Guía de la iglesia de Bernuy de Porreros,
Segovia
Introducción
Bernuy
de Porreros es una localidad situada a uno ocho kilómetros
por carretera al norte de la capital segoviana. Pertenece a la
comarca de Alfoz de Segovia y se ubica a 1.014 metros de altitud.
Cuenta con algo más de 1.200 habitantes.
Bernuy de Porreros cuenta con dos monumentos
de origen románico: la iglesia parroquial dedicada a Santiago
y las ruinas de la que fue iglesia de San Medel (Ermita de San
Medel) si bien en sentido estricto pertenece al municipio de Valseca.

Iglesia de Santiago
Situada en el corazón del pueblo, la
iglesia parroquial de Santiago de Bernuy de Porreros se encuentra
encajonada entre estrechos callejones que dificultan su contemplación.

De época románica quedan restos
apreciables que dan indicios de lo que debió ser una muy
bella construcción, desgraciadamente amputada y destrozada.

Románico apenas queda el campanario, la puerta
del muro meridional y parte de la galería porticada, mientras
que el conjunto del templo está prácticamente renovado.

Aunque de la citada galería porticada sólo
queda parte del sector meridional, su elegante construcción
justifica la visita a Bernuy de Porreros. Además, conserva
capiteles bien ejecutados, algunos zoomorfos y, como veremos posteriormente,
una colección de canecillos de iconografía interesante
y expresividad plástica.

Torre Campanario
Situada al este de la galería porticada, el
campanario de la iglesia de Bernuy de Porreros tiene cuatro
cuerpos, siendo los tres primeros románicos divididos mediante
impostas. Estos cuerpos son mampostería con grandes sillares
de refuerzo en las esquinas. El cuerpo superior tenía huecos
para las campanas de medio punto que posteriormente se cegaron
y macizaron para elevar un último cuerpo en época
moderna a base de sillares sueltos, mampostería y ladrillos.
Entre el último cuerpo románico y el actual de campanas
quedan algunos canecillos románicos de perfil de nacela.

Galería porticada
Lo primero que el visitante observa cuando
se acerca a la iglesia de Bernuy de Porreros es lo que queda de
su elegante y poco conocida galería porticada meridional,
que aunque cegada y truncada por la incuria de otras épocas,
despliega todavía tres arcos de medio punto, más
el de ingreso, de aristas vivas adornados con sencilla chambrana
moldurada.

Dichos arcos cabalgan sobre columnas dobles
geminadas cuyos capiteles son, en su mayoría vegetales,
salvo dos que representan típicos animales fantásticos.

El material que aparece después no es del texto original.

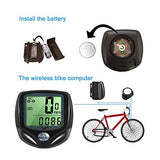 Bicycle Speedometer and Odometer Wireless Waterproof Cycle Bike Computer with LCD Display & Multi-Functions by YS - Gasbike.net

Interesante es el capitel con grifos, y sobre
todo aquél que representa a un centauro disparando con
su arco una flecha a una pareja de esbeltas arpías simétricamente
dispuestas separadas por un tallo vegetal con forma acorazonada.

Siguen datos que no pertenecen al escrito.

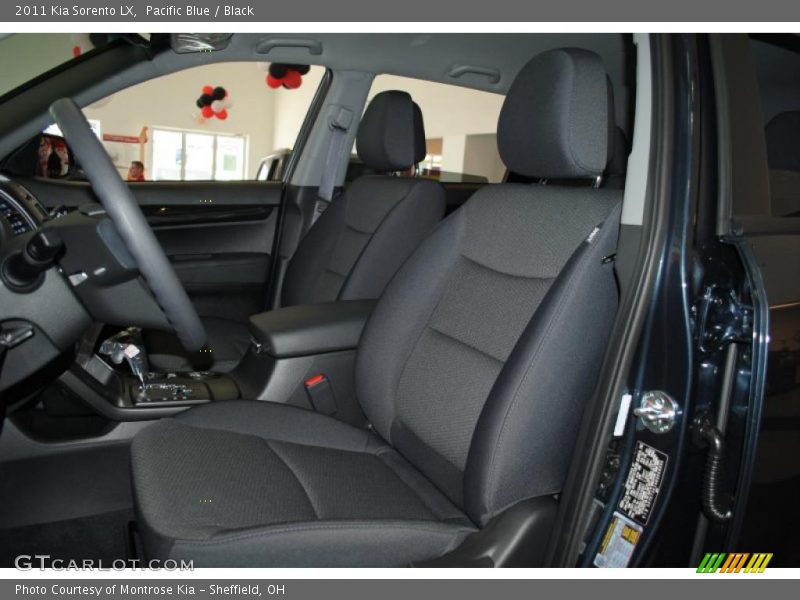 Pacific Blue / Black 2011 Kia Sorento LX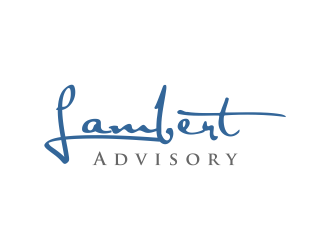 Lambert Advisory, LLC. logo design by glasslogo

Es ésta una composición muy habitual
en la iconografía románica y la veremos, tanto en
esta modalidad como en la de centauro y sirena-pez, en otras construcciones
segovianas.

Originalmente, la galería proseguía
su sucesión de arcos hacia occidente ya que aún
son perfectamente apreciables las primeras dos dovelas de arranque
de una nueva arquería segada para anexionar una vivienda.

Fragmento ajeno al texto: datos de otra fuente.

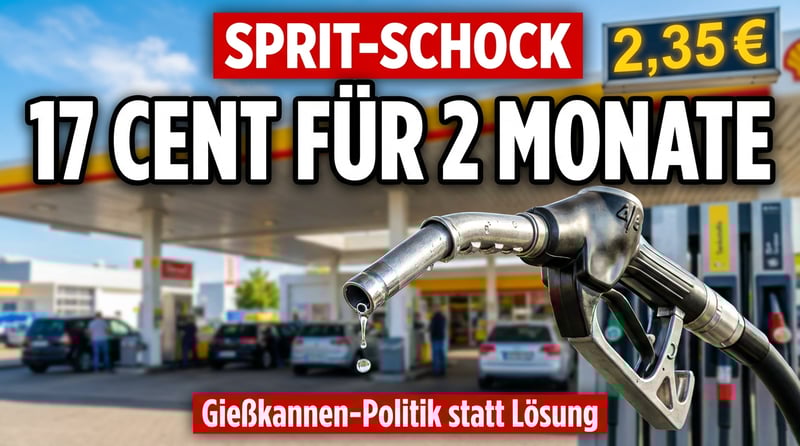 Mineralölsteuer-Senkung: Wenn die Bundesregierung mit der Gießkanne gegen explodierende Spritpreise kämpft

La forma de las hojas vegetales de los capiteles
retorciendo su punta en volutas al gusto de tantos claustros cistercienses,
además de algunos buenos ejemplos del bestiario silense,
confirma la datación tardía de estas construcciones
llevándolas probablemente al comienzo del siglo XIII.

En el podio de la galería porticada existe
una inscripción todavía muy legible conmemorando
la invasión francesa de 1808. Exactamente el texto dice:

También se conserva la corona de canecillos
de la galería, que presenta variados motivos, aunque en
regular estado de conservación. Varios de ellos llevan
bustos humanos: un hombre calvo, otro con una gran barba, una
mujer casada con con su barbuquejo.

Más interesantes son dos representaciones
zoomorfas: un prótomo de animal de aspecto agresivo (¿dragón?)
y un león andrófago que sólo ha devorado
la cabeza y el tronco del humano, quedando fuera la mitad inferior
de su cuerpo.

Puerta
Tras el pórtico cerrado, aparece la
sencilla puerta románica de entrada al templo, de dos arquivoltas
lisas apoyadas sobre sendos pares de jambas con ábacos
de flores tetrapétalas inscritas en círculos. El
conjunto lo trasdosa una chambrana ajedrezada.